A Consistent Lifestyle – 2 Timothy 1:5

Probably the most obvious thing that this family did right was Eunice’s and Lois’ consistent or genuine walk with God. The Bible calls theirs an “unfeigned” (KJV) or un-faked faith! Timothy’s mom and grandmother demonstrated a genuine relationship with God – and it impacted Timothy. Notice in verse 5 that Timothy also demonstrated a genuine faith. He grew up and went on for God – and that’s what we want from our kids, too.

Communication of God’s Word – 2 Timothy 3:15

The second thing this family did right was that they made it a priority to communicate Biblical truth. Notice that from his earliest days, Timothy learned the Scriptures. The next two verses (2 Timothy 3:16 & 17) reveal that this strategy was much more than a rote memorization of the Text. He also learned that Biblical principles are “profitable” for life and that these principles lead to true spiritual maturity.
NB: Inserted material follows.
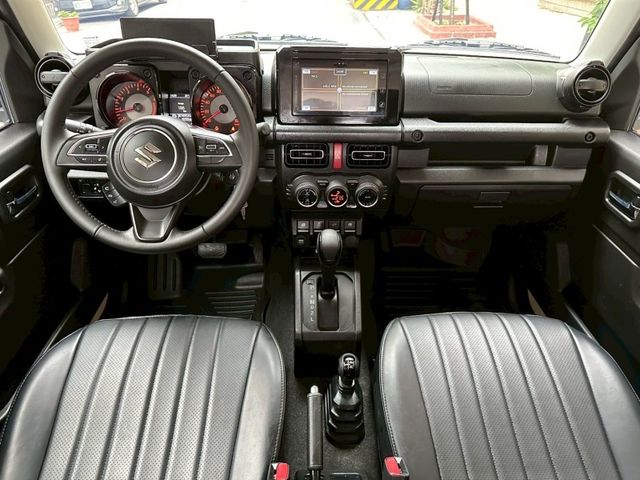 Suzuki Jimny  第3張相片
Collaboration with the Church

There’s another key element to their strategy that is worth identifying and that is their cooperation with the church to help develop Timothy’s faith. Acts 16 identifies him as a “disciple”, who as a young man already had a good testimony with the other believers. He also was personally selected by the Apostle Paul to go along on this missionary journey. The text expounds on the purpose of their ministry, “So the churches were strengthened in the faith and grew daily in numbers. (NIV)” Obviously, the church was a priority to young Timothy. He grew up in church and committed himself to a church-based ministry.

Concern for People and Culture

The Acts 16 passage also presents an interesting scenario of Timothy’s circumcision even though his was a Greek (see verse 1). He perhaps was willing to submit to this cultural ritual due to the cross-cultural background in his own family. This somewhat dysfunctional family environment undoubtedly produced a heart-felt concern for other people and a genuine sensitivity for others.

Commitment to Ministry

The final positive thing I’d like to identify from this family was their dedication to God’s work. They were willing to allow their son to follow Paul along on this journey. Without any visible hesitation on anyone’s part Timothy joined the missionary team and set off on what was the beginning of his call to vocational ministry.

Timothy was a young man who grew up and went on for God. The narrative of Scripture points out some identifiable things that helped in this process. Perhaps there is practical wisdom here for today’s Christian families to implement into the fabric of raising their own kids.

May God bless you as you seek to impact the next generation for eternity.